As we learned during the past week, it may be too simplistic to blaime the technology. David White convincingly argues that it is naive to talk of digital natives. As he suggests, we could think of people being visiting certain digital platforms and media, using the them as a tool to do something, and people being residents in the digital, leaving traces and developing identitity as they use certain digital platforms. Online learning is thus not really a matter of tools, but a matter of practices. Such a view resonates with what in organisation theory and information systems we call sociomateriality, which is a perspective according to which tools do not enable/constrain actions, but rather as they enacted in ways that set certain constrains and enable certain possibilities (Orlikowski, 2000).

This makes sense in relation to how I have experienced the first two weeks of this course.

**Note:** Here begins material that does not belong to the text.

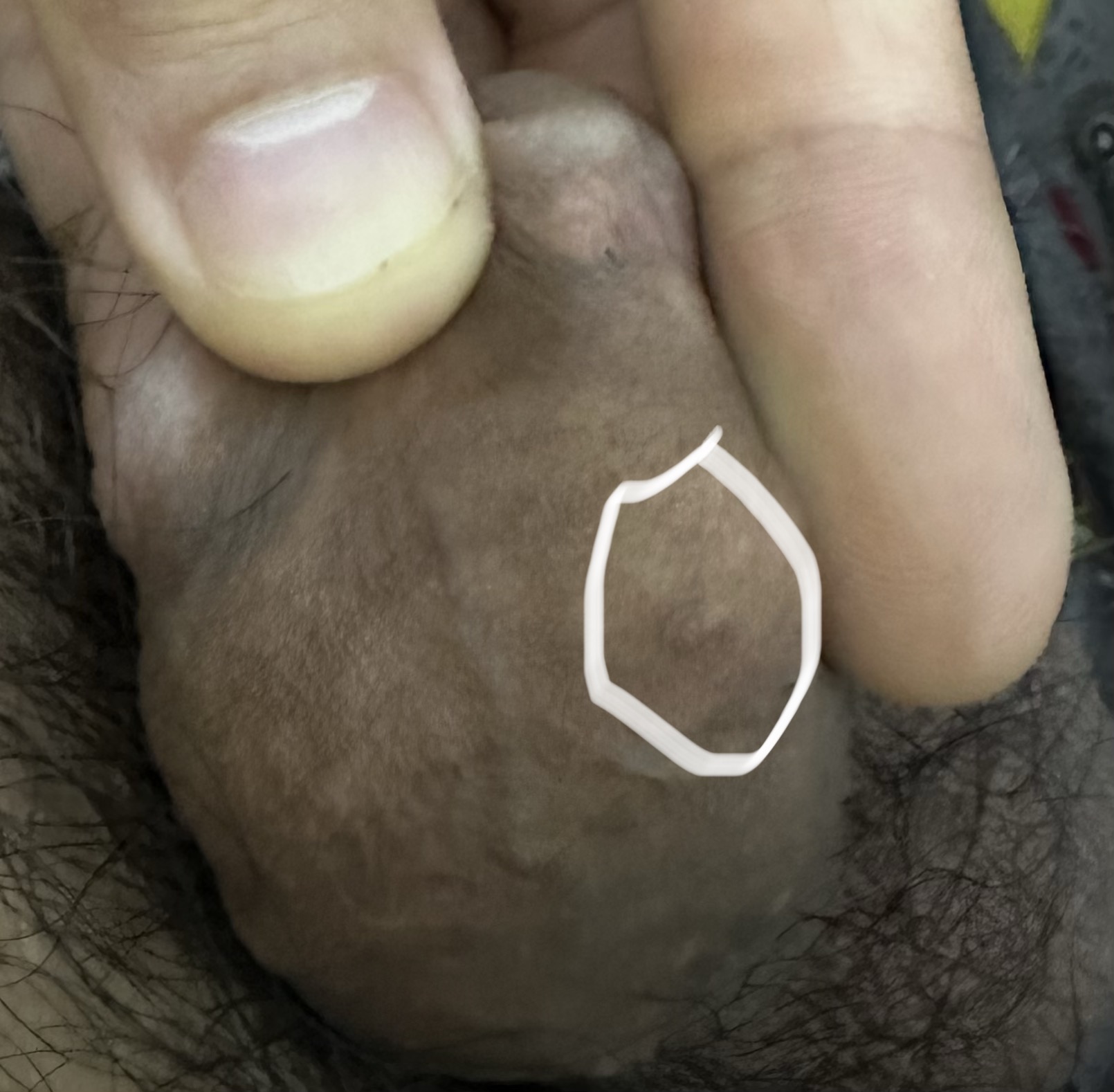 679624-5b028d899666.jpeg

We have being introduced to a number of different tools: blogs, google drive, padlet, infographics, screen-capturing video presentations, zoom, etc. Some of them were new, while others were familiar to me. But I would argue that, although it may take some time, the challenge with these tools is not as complicated as the challenge with learning the practices. I would argue that uncertainty is the challenge with the digital tools. Uncertainty can be resolved by more information that provides answer to what I do not know.

A different thing is to get comfortable with the practices. In this case I would argue that the challenge is ambiguity. It can’t be solved by more information. It needs to be handled in the practicing and it might never go completely away. Referring again to David White, one aspect of such ambiguity is which knowledge is legitimate. If we value everyone’s experiences and thoughts, both when consuming and relating to knowledge present in different forms online and when discussing in our groups, who has the “precedence”? Which voices become strong and are we comfortable with that? And where do we look for knowledge when we no longer use a sequential way of reading as in books? Opening and connecting does not necessarily mean more evenly distributed power, it means that power is exercised in another way. And also, how does the use of technology support the enactment of power? What happens in a zoom-seminar compared to IRL-seminar? Who owns documents? Are documents shared or used sequentially? I think that this is the real challenge in a learning situation in online connected learning. How is power exercised and how do we all contribute to that?

Orlikowski WJ (2000) Using technology and constituting structures: A practice lens for studying technology in organizations. Organization science, 11(4): 404-428.